Shweta wrote 19 hours ago

This is not just a book about dogs and puppies. It transcends the dog world and is really a book about human love and warmth. After reading reading the first chapter I wanted to read more, in spite of lacking time and forged on ahead and read more. Well done!!! Thanks for sharing this story.



Hi John,

Thanks for the comment and thanks for reading the story. Send my regards to B.O ; )
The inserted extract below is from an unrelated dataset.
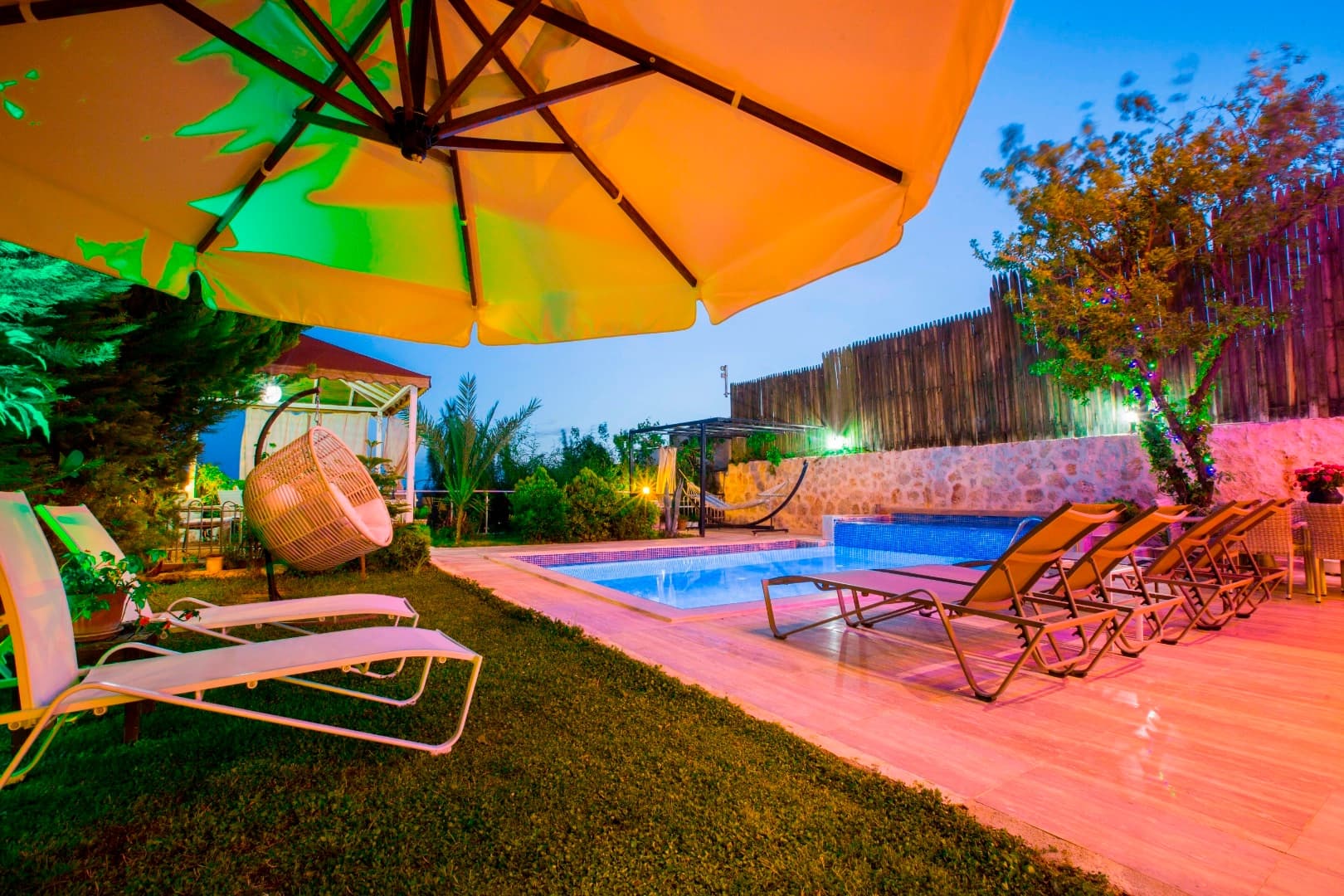 Villa Dere Korunaklı Havuz 55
Mr. Grassroots wrote 22 hours ago

This is not just a book about dogs and puppies. It transcends the dog world and is really a book about human love and warmth. After reading reading the first chapter I wanted to read more, in spite of lacking time and forged on ahead and read more. Well done!!! Thanks for sharing this story.

Shweta wrote 2 days ago


Hi Karen,

Thanks for the insightful suggestions. I'm already thinking of how to go about the dialogues (and also about my life) but I know it is going to take time. Try I shall till I get it : )

Karamak wrote 2 days ago

I decided to take up the challenge you set and have just read the last two chapters uploaded. Firstly this book is more than a book about dogs it is so funny and insightful of your life its more than just a dog lovers (which I am one) book. If i were you I would try to somehow make this apparent not easy I know as everyone thinks my book is about France and its not its about my life, like yours!! The other bit of advise I was given that if you intent to go for publication, they like at least 3 scenes per chapter: dialogue so you could have the maid and you in a conversation this would work very well especially if you could get over her personality it would make it even funnier with her night time manovers and carrying on. Its a lovely warm read and very enjoyable, high stars, Karen x

Shweta wrote 5 days ago


Thank you, Kim for the comment. It is wonderful to know that I've got support from amazing people like you (on this site).

Best Wishes,
Shweta

Kim Padgett-Clarke wrote 5 days ago

The more I read of this novel the more I am amazed that after all the puppies have put you through you still love them to bits! This story will melt every dog lovers heart. I like the way it is told in a simple style that suits the subject. You paint a vivid picture of what it is like to live without the luxuries of life but hey when you are surrounded by that much love from those gorgeous dogs you have much more than material wealth. I agree with some of the other comments that this book would appeal to adults and children. I wish you the best of luck.

Kim (Pain)

Shweta wrote 6 days ago

Hi Sue,

Thank you very much for your wonderful comments. Yes, now that you've mentioned, the title really needs a change. Thought of hijacking Marley & Me to the ED ; ), it's not working ; (. Any suggestions would be welcome from you and everyone who reads this.

Thanks again,
Shweta

rikasworld wrote 6 days ago

What an enjoyable read, really flowing and entertaining. I loved the description of the house - yuk! The antics of the puppies are fun, although they might well drive one nuts! I'm dogless at present so enjoy reading about them. Dog books are always popular so I can't see why this shouldn't be snapped up by a publisher. The only thing that put me off was the title (sorry). I know it sounds a bit like the block busting Marley and Me but I think you need something with a bit more zip and humour. I was trying to think of something but ...
Lots of stars from me.

scargirl wrote 12 days ago

just to echo the comments below, well done with this. a highly used subject matter told in a fresh and charming way.
j

Shweta wrote 13 days ago

Dear Maretha,

Thanks for your kind comments.

1. Use of present tense
I used the present tense for impact so as to make the reader feel as though he /she is experiencing what the writer was feeling at that moment.

2. Use of but, and, where
Thanks for pointing this out. I shall look into this and change where it is possible although some writing guides make room for this.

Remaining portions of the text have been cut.